On 24/07/2013, at 7:40 PM, Kazunori INOUE <inouekazu at intellilink.co.jp> wrote:

> (13.07.18 19:23), Andrew Beekhof wrote:
>> 
>> On 17/07/2013, at 6:53 PM, Kazunori INOUE <inouekazu at intellilink.co.jp> wrote:
>> 
>>> (13.07.16 21:18), Andrew Beekhof wrote:
>>>> 
>>>> On 16/07/2013, at 7:04 PM, Kazunori INOUE <inouekazu at intellilink.co.jp> wrote:
>>>> 
>>>>> (13.07.15 11:00), Andrew Beekhof wrote:
>>>>>> 
>>>>>> On 12/07/2013, at 6:28 PM, Kazunori INOUE <inouekazu at intellilink.co.jp> wrote:
>>>>>> 
>>>>>>> Hi,
>>>>>>> 
>>>>>>> I'm using pacemaker-1.1.10.
>>>>>>> When a pacemaker's process crashed, the node is sometimes fenced or is not sometimes fenced.
>>>>>>> Is this the assumed behavior?
>>>>>> 
>>>>>> Yes.
>>>>>> 
>>>>>> Sometimes the dev1 respawns the processes fast enough that dev2 gets the "hey, i'm back" notification before the PE gets run and fencing can be initiated.
>>>>>> In such cases, there is nothing to be gained from fencing - dev1 is reachable and responding.
>>>>> 
>>>>> OK... but I want pacemaker to certainly perform either behavior (fence is performed or fence is not performed), since operation is troublesome.
>>>>> I think that it is better if user can specify behavior as an option.
>>>> 
>>>> This makes no sense.

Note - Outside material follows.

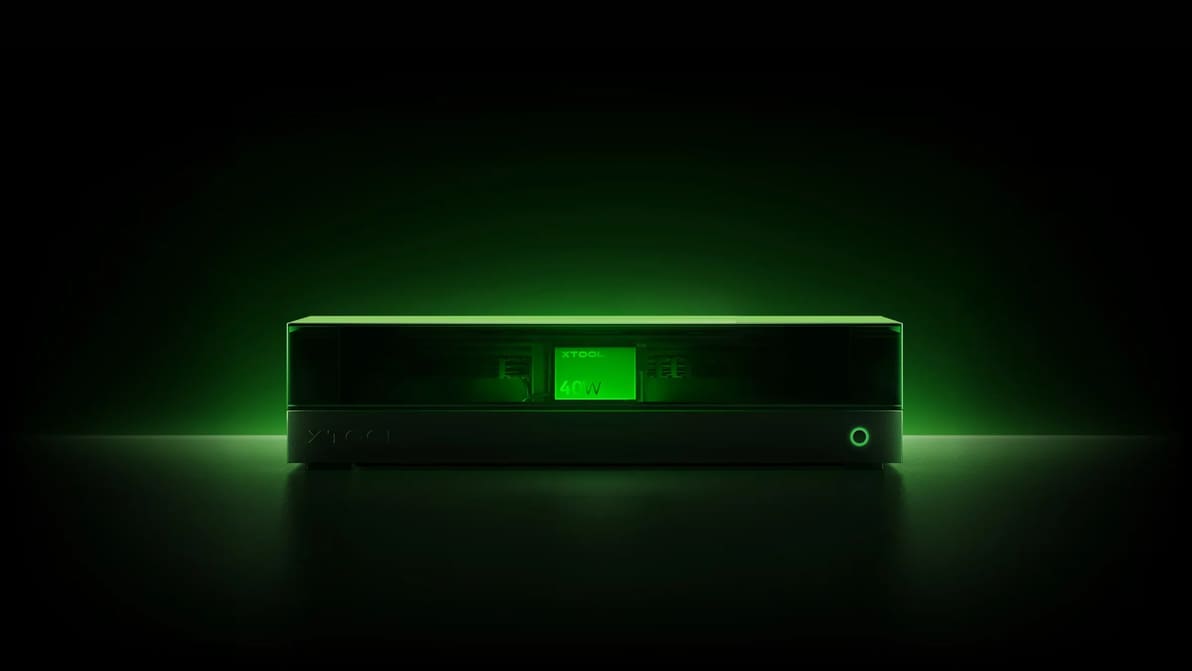 Featured image of xTool Reveals S1 Diode Laser Cutter That ‘Rivals CO2 Machines’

Sorry.
>>>> It is wrong to induce more downtime than absolutely necessary just to make a test pass.
>>> 
>>> If careful of the increase in downtime, isn't it better to prevent fencing, in this case?
>> 
>> With hindsight, yes.
>> But we have no way of knowing at the time.
>> If you want pacemaker to wait some time for it to come back, you can set crmd-transition-delay which will achieve the same thing it does for attrd.
> 
> I think that only a little is suitable for my demand because crmd-transition-delay is delay.

The only alternative to a delay, either by crmd-transition-delay or some other means, is that the crmd predicts the future.

> 
>> 
>>> Because pacemakerd respawns a broken child process, so the cluster will return to a online state.
>>> If so, does subsequent fencing not increase a downtime?
>> 
>> Yes, but only we know that because we have more knowledge than the cluster.
> 
> Is it because stack is corosync?

No.

> In pacemaker-1.0 with heartbeat, behavior when a child process crashed can be specified by ha.cf.
> - when specified 'pacemaker respawn', the cluster will recover to online.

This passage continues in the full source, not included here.